If you’re a stock-picker but fully employed outside the financial services industry, find a formula that won’t require a lot of your time for oversight and maintenance. The S&P 500 Index has too many stocks, so stick to analyzing the Dow Jones Composite Index. Those stocks have been picked by the Managing Editor of the Wall Street Journal. Start with the 20 companies in that 65-stock index that pay at least a “market dividend” and are Dividend Achievers, i.e., have raised their dividend annually for at least the past 10 years. We call that shortened version The Growing Perpetuity Index (see Week 261). It also excludes companies with less than a BBB+ S&P Bond Rating or B+/M S&P Stock Rating. But companies with with ratings lower than A- tend to develop problems, as do companies with negative net Tangible Book Value. (The SEC requires that the sale of newly-issued shares on a US stock exchange not dilute a company’s net Tangible Book Value below zero.)

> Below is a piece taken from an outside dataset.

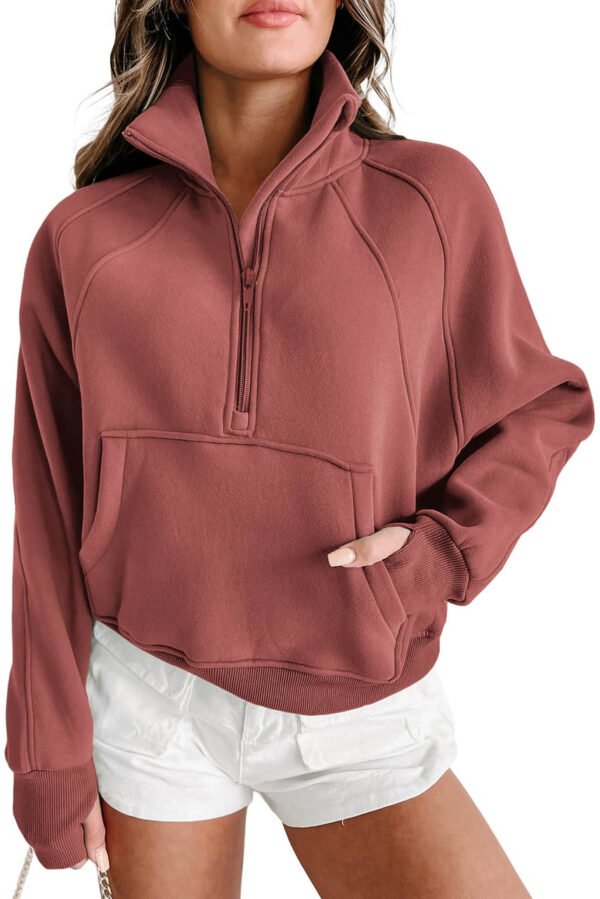 Brown Zip Up Stand Collar Ribbed Thumbhole Sleeve Sweatshirt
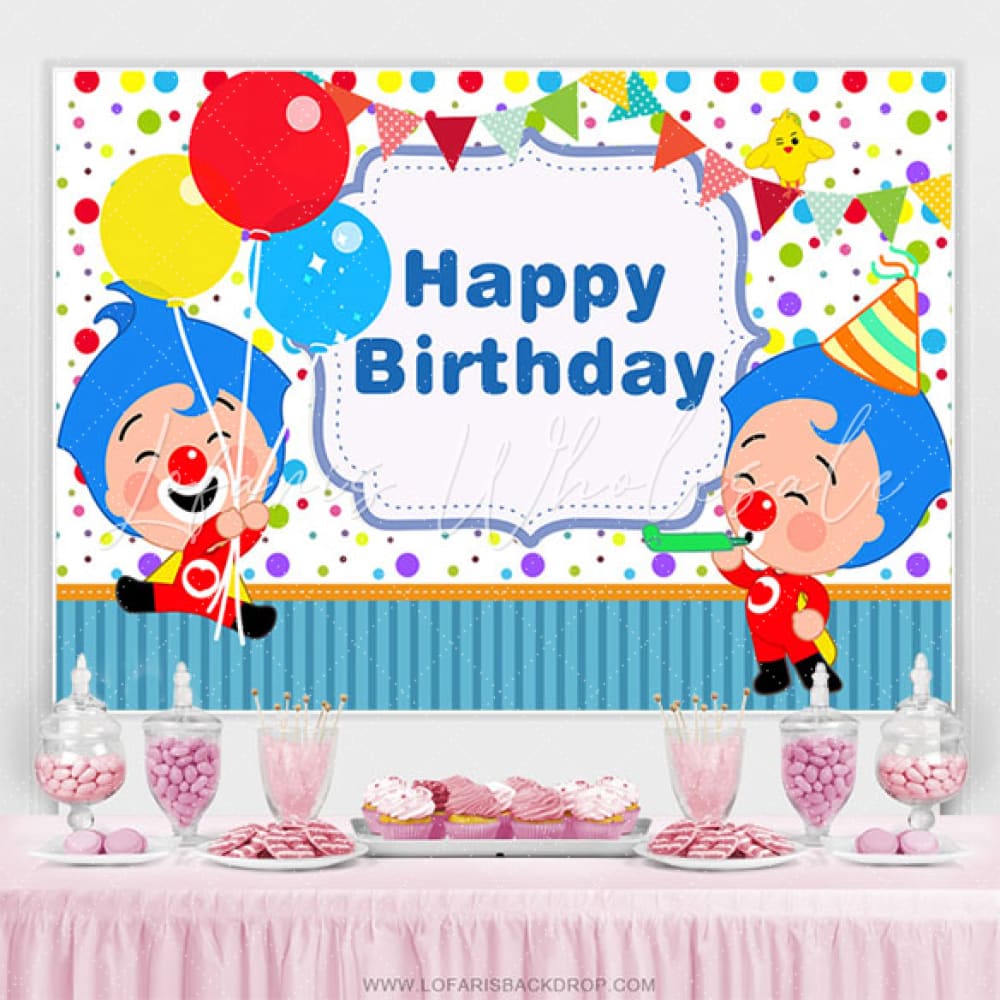Plim Plim Balloon Happy Birthday Backdrop (x1u)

Mission: Revise “The Growing Perpetuity Index” to exclude companies with negative Tangible Book Value, as well as companies with an S&P Bond Rating less than A- or an S&P Stock Rating less than A-/M.
Execution: We’re down to 9 companies (see Table).

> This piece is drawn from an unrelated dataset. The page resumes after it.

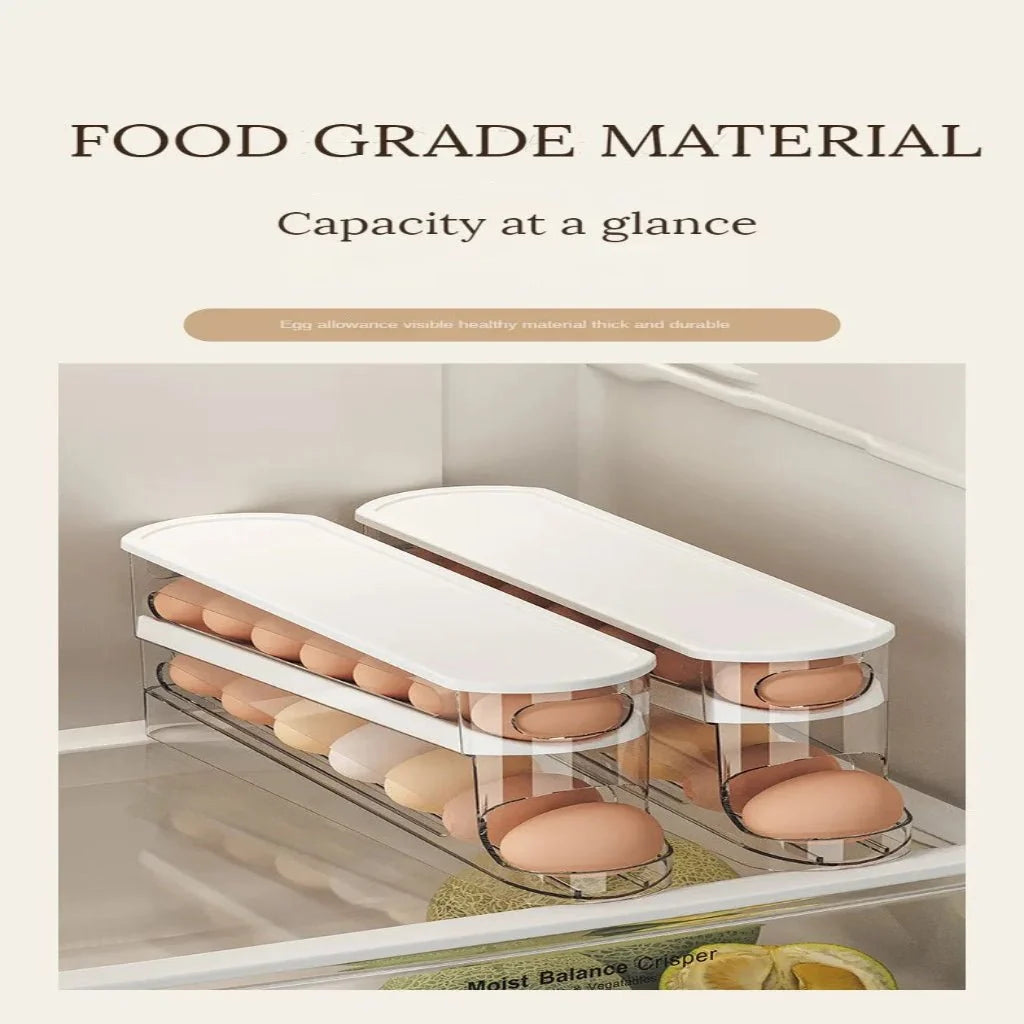 Egg Organizer Two-Tier Automatic Rolling Refrigerator Storage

Administration: Our Benchmark for companies that pay a “good and growing” dividend is the Vanguard High Dividend Yield ETF (VYM at Line 14 in the Table). That fund represents a subset of the Russell 1000 Index of the largest publicly-traded US companies which pay at least as high a dividend yield as the average for the full set. As it happens, all of the companies in the subset that have A ratings from S&P on their bonds and stocks are Dividend Achievers.

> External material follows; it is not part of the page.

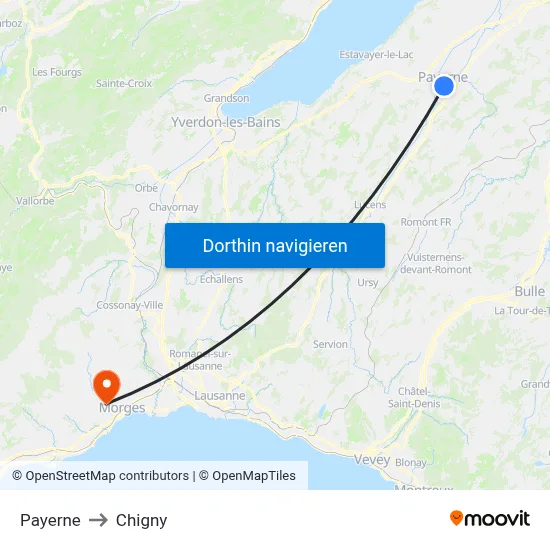 Payerne to Chigny map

In next week’s blog, we highlight the 11 companies in VYM that aren’t in the Dow Jones Composite Index. Then you’ll need to track only 20 companies on your adventure into stock-picking! But be aware: 30% of those 20 companies are boring utilities, meaning that clear-eyed stock-picking isn’t glamorous at all. It’s just making money by not losing money, which is Warren Buffett’s #1 Rule.
Bottom Line: Stock-picking becomes a problem for non-gamblers at the Go/No-Go point, i.e., after 5 years of trying, you need to think about giving up if you can’t beat the total return/yr for an S&P 500 Index fund (SPY or VFINX) by at least 2%/yr. This is because you need to cover your greater transaction costs and capital gains taxes that are being expensed out. We’re suggesting that you start with 9 “blue chip” stocks that have a reasonable likelihood of letting you stay in the game after a 5 year probation period. Of course, you’d be opening yourself up to selection bias because there is a greater risk of loss vs. investing in all 500 stocks. Academic studies have shown that you’d need to own shares in at least 50 companies to largely overcome that risk.
Risk Rating: 6 (10-Yr Treasury Note = 1, S&P 500 Index = 5, gold = 10).
Full Disclosure: I dollar-average into NEE, MSFT, JNJ, KO, and UNP. I also own shares of MMM, TRV, and WMT.